What is expected:
Across the entries below, how many lines include "Black"? Give the number and nothing else.

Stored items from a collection

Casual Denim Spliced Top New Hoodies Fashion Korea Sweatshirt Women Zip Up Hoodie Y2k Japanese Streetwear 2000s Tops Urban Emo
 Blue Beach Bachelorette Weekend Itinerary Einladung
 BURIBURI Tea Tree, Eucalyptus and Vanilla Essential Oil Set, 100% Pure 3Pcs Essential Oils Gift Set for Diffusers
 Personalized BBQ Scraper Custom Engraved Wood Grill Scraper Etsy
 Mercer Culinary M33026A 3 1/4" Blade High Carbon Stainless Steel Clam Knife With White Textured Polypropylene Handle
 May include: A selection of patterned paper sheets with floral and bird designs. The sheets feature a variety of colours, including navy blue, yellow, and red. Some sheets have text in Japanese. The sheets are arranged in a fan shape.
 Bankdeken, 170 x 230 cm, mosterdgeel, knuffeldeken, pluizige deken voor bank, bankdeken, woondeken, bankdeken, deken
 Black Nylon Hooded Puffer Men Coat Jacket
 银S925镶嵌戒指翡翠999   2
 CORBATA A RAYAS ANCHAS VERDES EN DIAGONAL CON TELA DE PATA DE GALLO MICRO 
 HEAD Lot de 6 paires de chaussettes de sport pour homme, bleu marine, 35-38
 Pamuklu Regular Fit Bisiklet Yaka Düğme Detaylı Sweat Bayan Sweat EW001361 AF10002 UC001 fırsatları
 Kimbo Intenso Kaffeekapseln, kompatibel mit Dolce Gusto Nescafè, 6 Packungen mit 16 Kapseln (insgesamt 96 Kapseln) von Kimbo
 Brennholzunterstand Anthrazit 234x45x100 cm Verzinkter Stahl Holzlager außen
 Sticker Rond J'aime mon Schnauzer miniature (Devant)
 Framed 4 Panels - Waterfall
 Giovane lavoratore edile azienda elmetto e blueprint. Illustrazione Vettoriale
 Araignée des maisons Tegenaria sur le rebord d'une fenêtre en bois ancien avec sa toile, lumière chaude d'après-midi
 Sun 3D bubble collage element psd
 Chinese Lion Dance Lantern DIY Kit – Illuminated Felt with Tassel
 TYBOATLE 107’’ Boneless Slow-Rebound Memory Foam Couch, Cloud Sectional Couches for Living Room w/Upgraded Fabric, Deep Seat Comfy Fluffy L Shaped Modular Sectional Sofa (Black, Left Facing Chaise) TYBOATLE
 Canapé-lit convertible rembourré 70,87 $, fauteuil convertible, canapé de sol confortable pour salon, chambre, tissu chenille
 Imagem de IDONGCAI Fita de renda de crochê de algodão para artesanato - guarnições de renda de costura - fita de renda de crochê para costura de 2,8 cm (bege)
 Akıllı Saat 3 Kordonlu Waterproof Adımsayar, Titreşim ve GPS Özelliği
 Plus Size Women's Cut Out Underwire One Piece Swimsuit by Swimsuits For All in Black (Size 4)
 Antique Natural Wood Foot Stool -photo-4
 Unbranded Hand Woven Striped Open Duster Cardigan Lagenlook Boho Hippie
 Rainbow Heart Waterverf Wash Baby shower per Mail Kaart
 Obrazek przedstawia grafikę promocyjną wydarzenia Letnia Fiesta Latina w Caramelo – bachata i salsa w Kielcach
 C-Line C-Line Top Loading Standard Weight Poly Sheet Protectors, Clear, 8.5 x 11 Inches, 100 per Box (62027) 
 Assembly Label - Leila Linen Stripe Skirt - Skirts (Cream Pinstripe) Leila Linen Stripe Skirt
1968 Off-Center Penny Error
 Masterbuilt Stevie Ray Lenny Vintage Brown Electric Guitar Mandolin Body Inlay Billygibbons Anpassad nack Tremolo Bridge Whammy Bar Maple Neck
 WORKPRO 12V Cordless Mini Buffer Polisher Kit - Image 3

Exercise output:
3